Cuenta Viktor E. Frankl sobre su experiencia como prisionero en el campo de concentración de Auschwitz “algo sobre lo que el médico jefe del campo me llamó la atención: la tasa de mortandad semanal en el campo aumentó por encima de todo lo previsto desde las Navidades de 1944 al Año Nuevo de 1945. A su entender, la explicación de este aumento no estaba en el empeoramiento de nuestras condiciones de trabajo, ni en una disminución de la ración alimenticia, ni en un cambió climatológico, ni en el brote de nuevas epidemias.

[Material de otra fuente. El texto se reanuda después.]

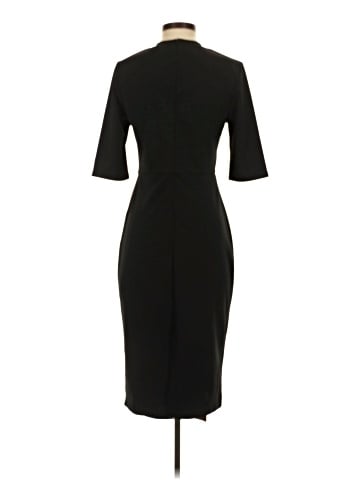 Stylewe Cocktail Dress (view 2)
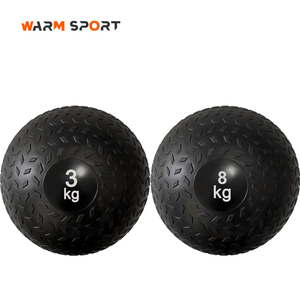 Haute qualité antidérapant PVC <span class=keywords><strong>SLAM</strong></span> <span class=keywords><strong>Ball</strong></span> 2 - 100Kg <span class=keywords><strong>4</strong></span> - 150lb Fitness Sport Fitness <span class=keywords><strong>ball</strong></span> gymnase avec grand <span class=keywords><strong>slam</strong></span> <span class=keywords><strong>ball</strong></span> - Product Image 5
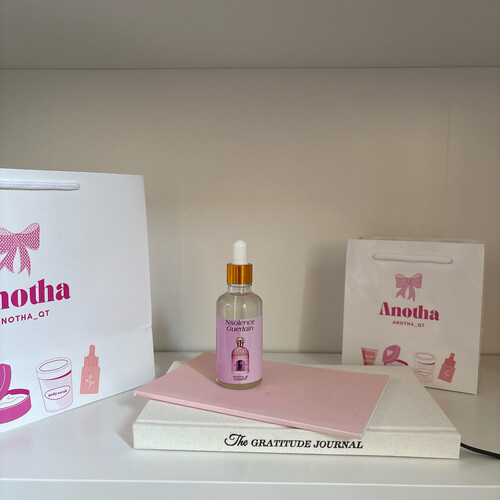 سيروم جيرلان انسولنس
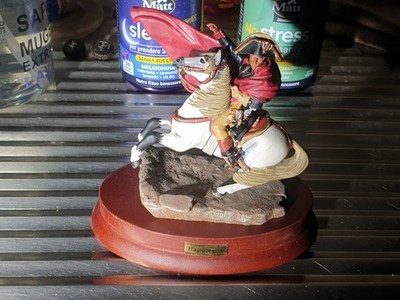 Foto dell'oggetto di un acquirente verificato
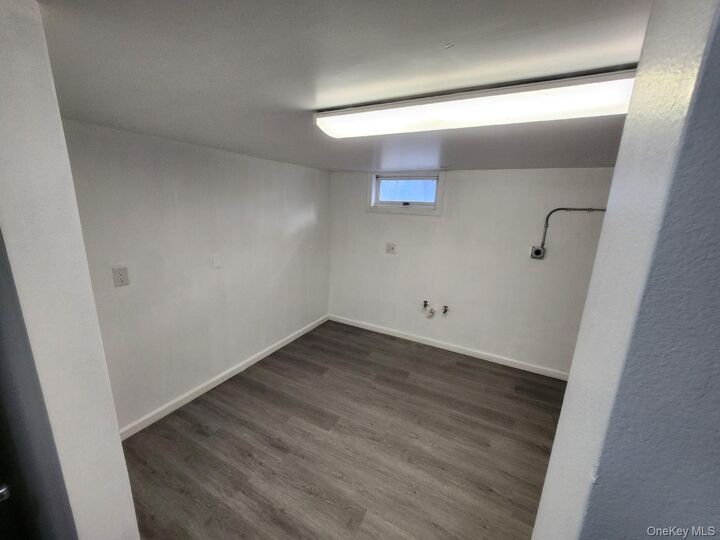 Property Photo:  107 Oak Ridge Road  NY 12533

Se trataba simplemente de que la mayoría de los prisioneros había abrigado la ingenua ilusión de que para Navidad les liberarían. Según se iba acercando la fecha sin que se produjera ninguna noticia alentadora, los prisioneros perdieron su valor y les venció el desaliento (…) Cualquier intento de restablecer la fortaleza interna del recluso bajo las condiciones de un campo de concentración pasa antes que nada por el acierto en mostrarle una meta futura. Las palabras de Nietzsche: «Quien tiene algo por qué vivir, es capaz de soportar cualquier cómo» pudieran ser la motivación que guía todas las acciones psicoterapéuticas y psicohigiénicas con respecto a los prisioneros. Siempre que se presentaba la oportunidad, era preciso inculcarles un porqué —una meta— de su vivir, a fin de endurecerles para soportar el terrible cómo de su existencia.
Desgraciado de aquel que no viera ningún
sentido en su vida, ninguna meta, ninguna intencionalidad y, por tanto, ninguna
finalidad en vivirla, ése estaba perdido. La respuesta típica que solía dar
este hombre a cualquier razonamiento que tratara de animarle, era: «Ya no
espero nada de la vida»” (Viktor E. Frankl[1]).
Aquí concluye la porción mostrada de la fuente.